Now, we need to answer the following questions:

What is the typical effect size?
What is the typical noise ratio of the current study?
How does the noise ratio vary with the number of cells and number of molecules?

Estimating the effect size distribution

To answer (1), we need to apply ash. To make effect sizes comparable between mean and dispersion, we need effect sizes in units of natural log fold change.

Compute effect sizes and standard errors.

<<power-imports>>
<<eqtl-sim-impl>>
<<write-pheno-def>>
<<nominal-pass-def>>

vcf = tabix.open('/scratch/midway2/aksarkar/singlecell/scqtl-mapping/yri-120-dosages.vcf.gz')
header = pd.read_table('/scratch/midway2/aksarkar/singlecell/scqtl-mapping/yri-120-dosages.vcf.gz', skiprows=2, nrows=1, header=0).columns[9:]

<<point-gamma-moments>>

<<get-gene-info>>
log_phi = (gene_info
           .apply(qtltools_format, axis=1)
           .merge(log_phi, left_index=True, right_index=True))
mean_by_ind = (gene_info
               .apply(qtltools_format, axis=1)
               .merge(np.log(mean_by_ind), left_index=True, right_index=True))

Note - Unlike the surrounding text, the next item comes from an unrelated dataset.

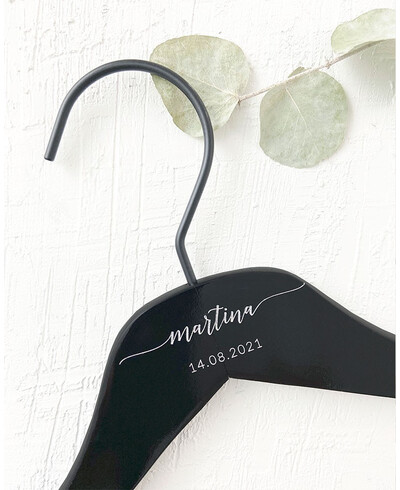 Cintre Noir Nom Date Mariage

run_nominal_pass(vcf, log_phi, header, std=False).to_csv('disp.txt.gz', sep='\t', compression='gzip')
run_nominal_pass(vcf, mean_by_ind, header, std=False).to_csv('mean.txt.gz', sep='\t', compression='gzip')

sbatch --partition=broadwl -n1 -c28 --exclusive --job-name=nominal --out=nominal.out --time=60:00
#!/bin/bash
source activate scqtl
python /project2/mstephens/aksarkar/projects/singlecell-qtl/code/nominal-log-fc.py

Submitted batch job 55777035

Fit ash.

ash_results = {x: fit_ash('/scratch/midway2/aksarkar/singlecell/power/analytic/{}.txt.gz'.format(x))
               for x in ('mean', 'disp')}

Serialize the results.

with open('fold-change-ash-results.pkl', 'wb') as f:
  pickle.dump(ash_results, f)

Read the results.

with open('fold-change-ash-results.pkl', 'rb') as f:
  ash_results = pickle.load(f)

Look at the fitted \(g\).

plt.clf()
plt.gcf().set_size_inches(3, 3)
grid = np.linspace(-.25, .25, num=1000)
for k, c, l in zip(['disp', 'mean'], ['r', 'k'], ['Dispersion', 'Mean']):
  y = np.array(ashr.cdf_ash(ash_results[k], grid).rx2('y')).ravel()
  plt.plot(grid, y, c=c, lw=1, label=l)
plt.xlabel('Effect size')
plt.ylabel('Cumulative density')
plt.legend(frameon=False, loc='center left', bbox_to_anchor=(1, .5))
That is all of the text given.